Fri Aug 23 08:54:02 PDT 2024

================
@@ -1134,14 +1153,15 @@ InstructionCost GCNTTIImpl::getShuffleCost(TTI::ShuffleKind Kind,
 
   Kind = improveShuffleKindFromMask(Kind, Mask, VT, Index, SubTp);
 
-  // Larger vector widths may require additional instructions, but are
-  // typically cheaper than scalarized versions.
-  unsigned NumVectorElts = cast<FixedVectorType>(VT)->getNumElements();
+  unsigned ScalarSize = DL.getTypeSizeInBits(VT->getElementType());
----------------
jrbyrnes wrote:

Separate the operation / type cost changes into different PRs? That's actually what I've tried to do -- it's a PR stacking problem.

The relationship is mapped in the description, but basically this PR is meant for the changes to shufflecost and https://github.com/llvm/llvm-project/pull/91016 is meant for the changes required to enable SLP vectorization for i8s.
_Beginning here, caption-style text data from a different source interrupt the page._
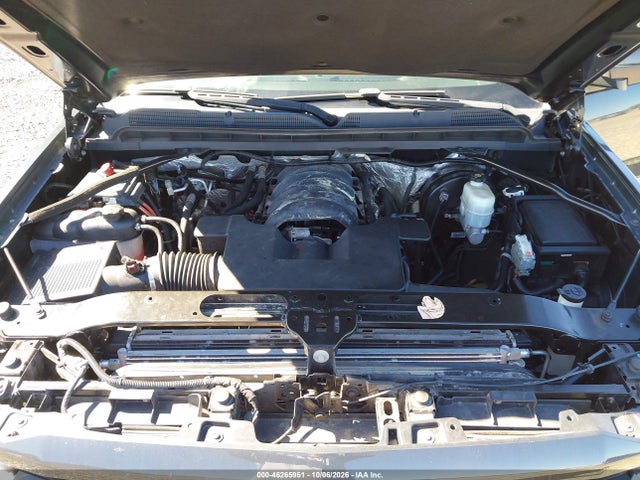Продаж на аукціоні авто 2018 Chevrolet Silverado 1500 2lt, vin: 1GCVKREC9JZ239924, номер лоту: 46265951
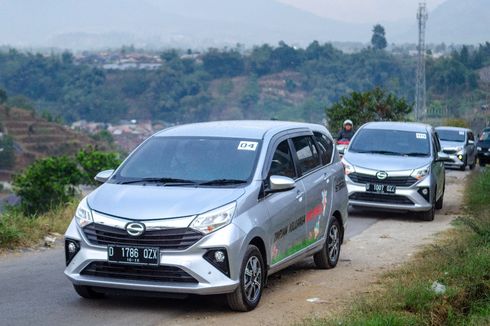 Sigra Dominasi Penjualan Mobil Daihatsu Januari-Agustus 2022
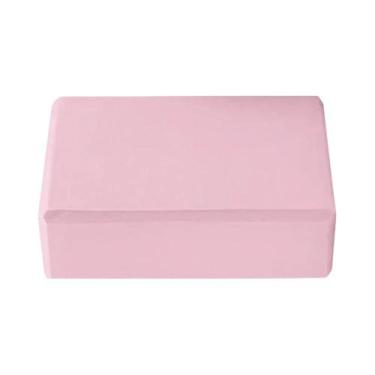 Imagem de Bloco De Yoga De Cortiça Natural Ecológico 9x6x3 Polegadas Blocos De Y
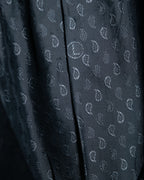 Psychedelic Pattern Short Tailored Jacket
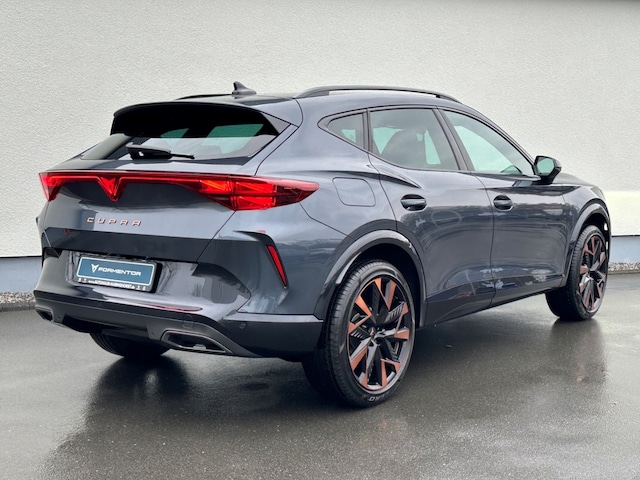 Cupra Formentor DSG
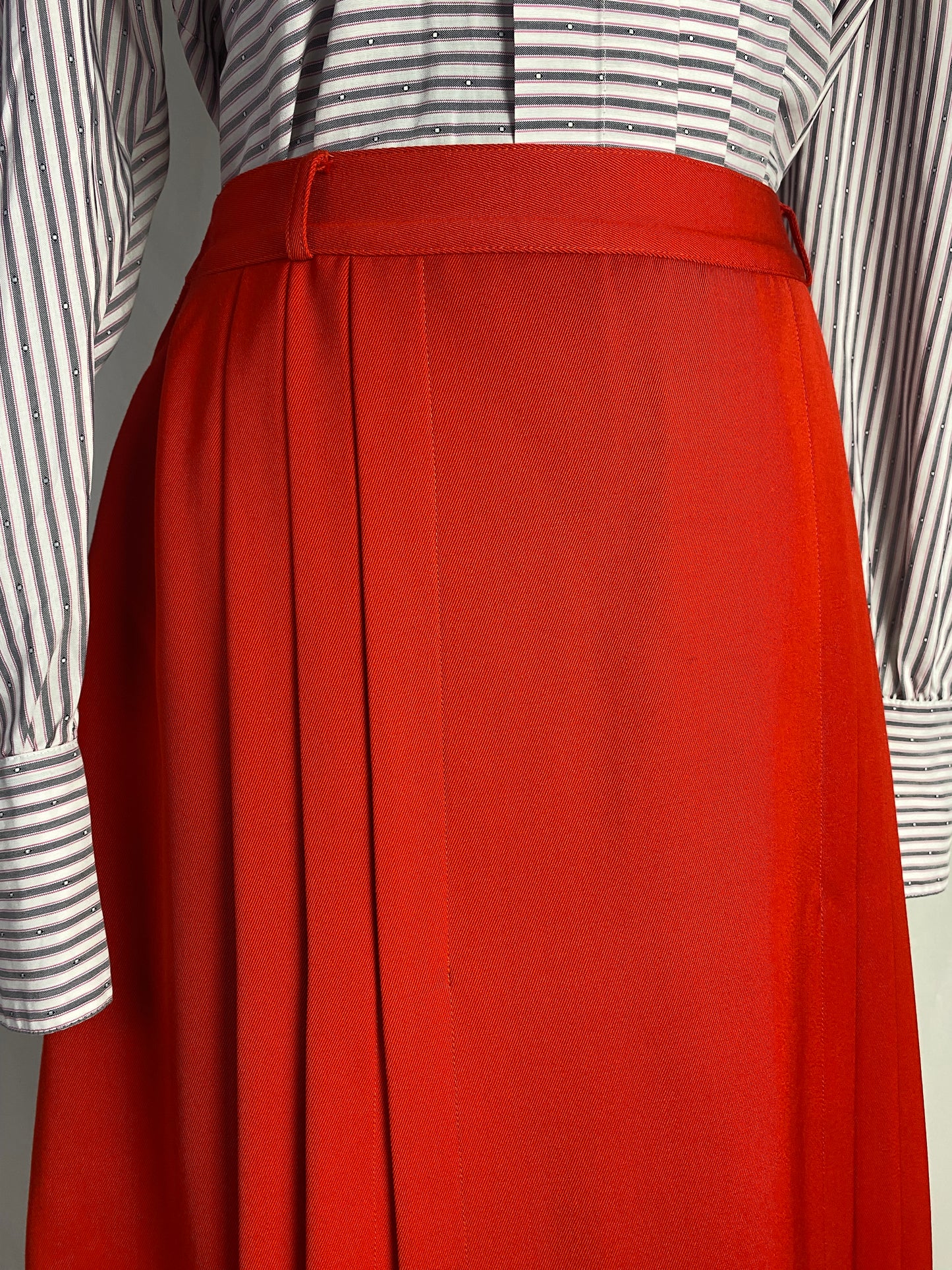 Gonna rossa anni ‘70 - TG. 46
The dependency is needed one way or the other to add the lit changes, and I decided to make https://github.com/llvm/llvm-project/pull/91016 the base as there is another PR in flight which depends on that as well.

In short, this PR is meant to address the shuffelcost changes and will be landed atomically with https://github.com/llvm/llvm-project/pull/91016  (if at all)

https://github.com/llvm/llvm-project/pull/95840